They’re widening the street/ Clogged with traffic/ They’re felling the poplars
The bulldozers take a run-up/ And with a single blow/ Knock down the trees
One poplar just trembled/ Withstood the iron
The bulldozer pulls back/ From her noisily/ Prepares for the final charge
In the huddle of passers-by/ There’s an elderly man
He takes his hat off to the poplar/ Waves his umbrella at her/ And shouts at the top of his voice
Don’t give in love
Vasco Popa (1922-91) Translated by Anne Pennington
From the publisher: “A unique anthology of poems–from around the world and through the ages–that celebrate trees.

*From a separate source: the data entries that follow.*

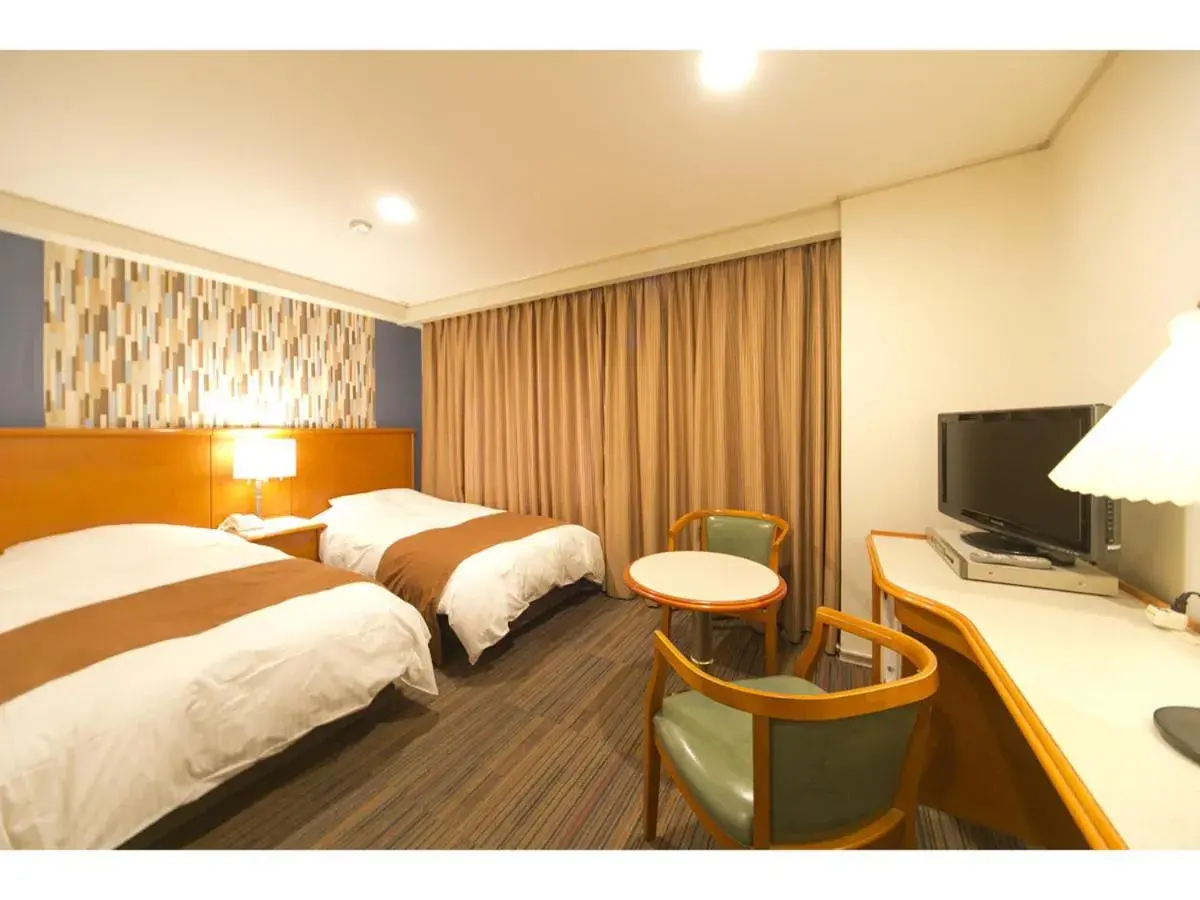 Twin Room - Non-Smoking in Hyper-inn Takamatsu Ekimae Twin Room - Non-Smoking in Hyper-inn Takamatsu Ekimae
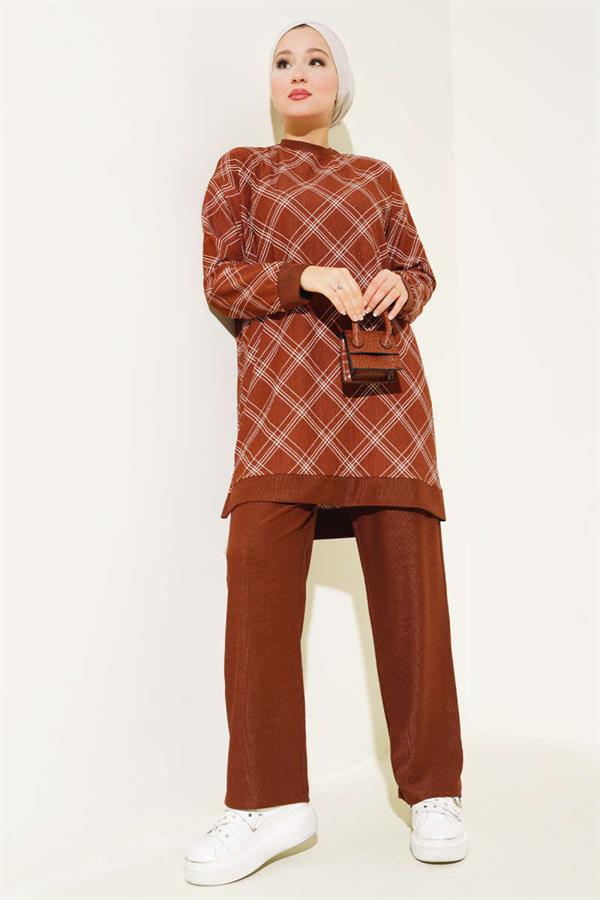 Stripe Pattern Slit Detailed 2 Piece Set Brown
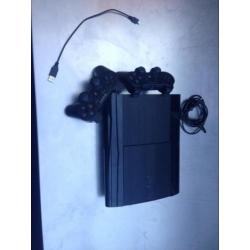 Ps3 super slim in doos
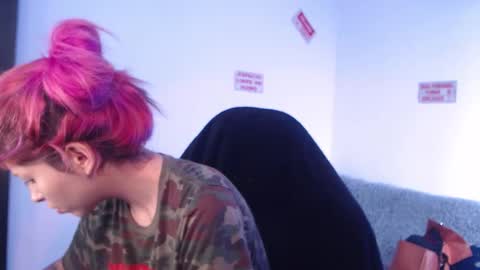 Snapshot of mary_janness chatting on 11-12-25, 09:36 100 online show from 11-12-25, 09:36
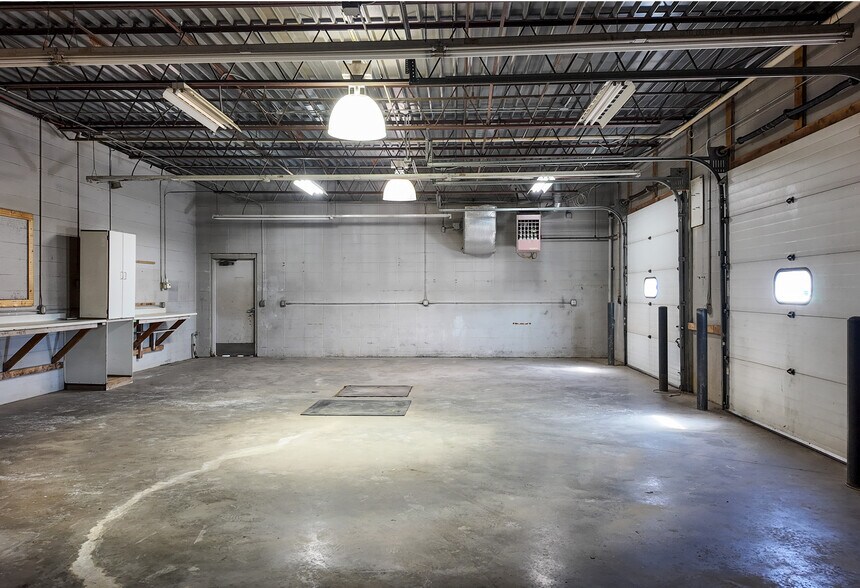 More Photos Of 4201 W 12th St, Sioux Falls Flex For Lease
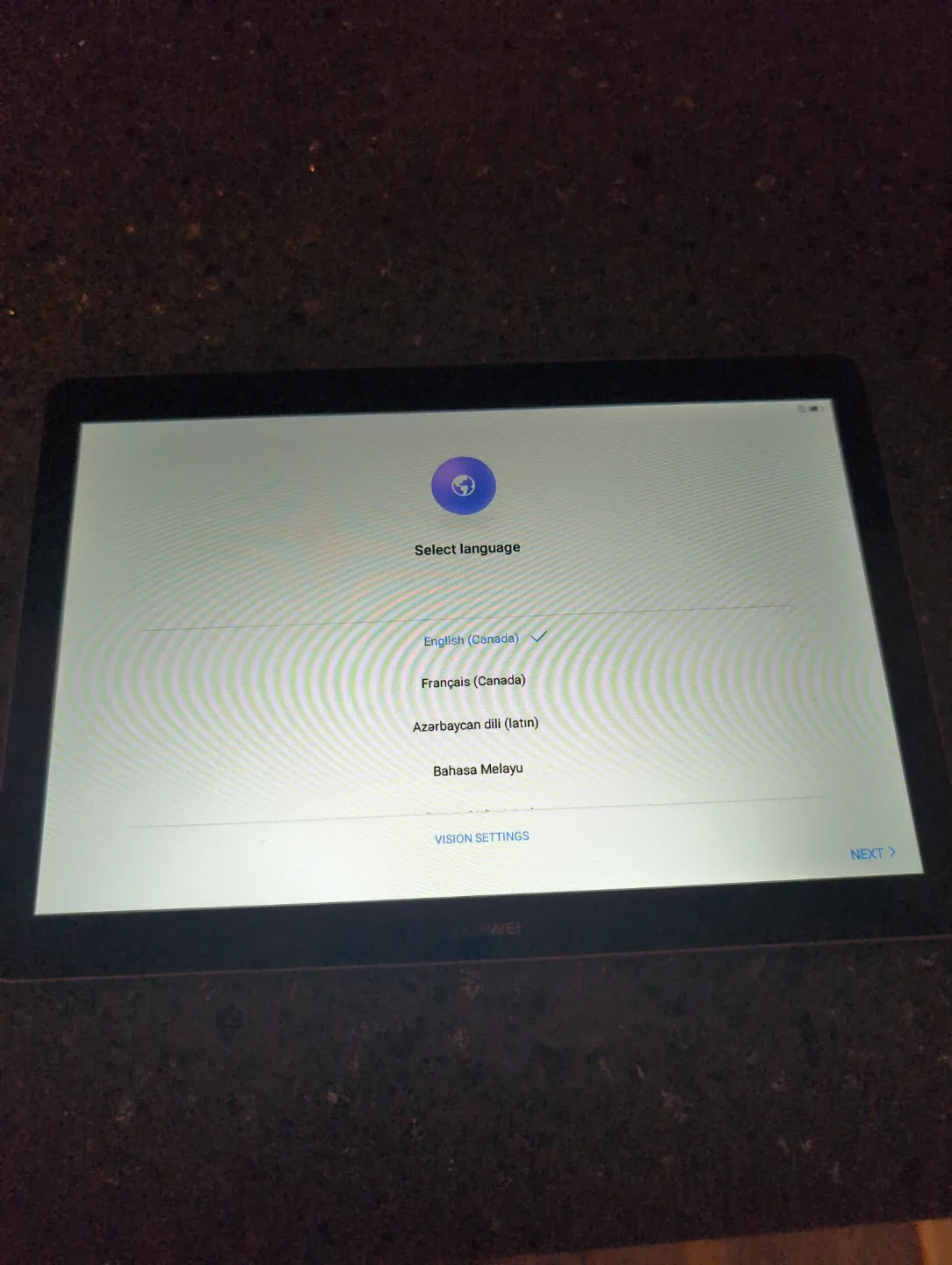 Huawei Tablet with Charger image indicator(3)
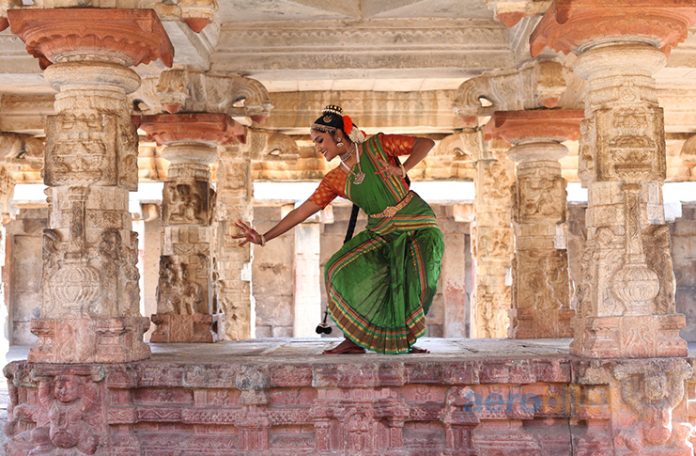 Bangalore uçak bileti ile Hindistan'ın tapınaklarını keşfe çıkın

For thousands of years humans have variously worshipped trees, made use of them, admired them, and destroyed them–and poets have long chronicled the relationship. Poets from Homer and Virgil to Wordsworth, Whitman, and Thoreau, from Su Tung P’o and Basho to Czeslaw Milosz and W. S. Merwin have celebrated sacred groves, wild woodlands, and bountiful orchards, and the results include some of our most beloved poems.
Robert Frost’s “Birches,” Marianne Moore’s “The Camperdown Elm,” Gerard Manley Hopkins’s “Binsey Poplars,” and Zbigniew Herbert’s “Sequoia” stand tall beside Eugenio Montale’s “The Lemon Trees,” Yves Bonnefoy’s “The Apples,” Bertolt Brecht’s “The Plum Tree,” D. H. Lawrence’s “The Almond Tree,” and A. E. Housman’s “Loveliest of Trees.” Whether showing their subjects being planted or felled, cherished or lamented, towering in forests or flowering in backyards, the poems collected here pay lyrical tribute to these majestic beings with whom we share the earth.”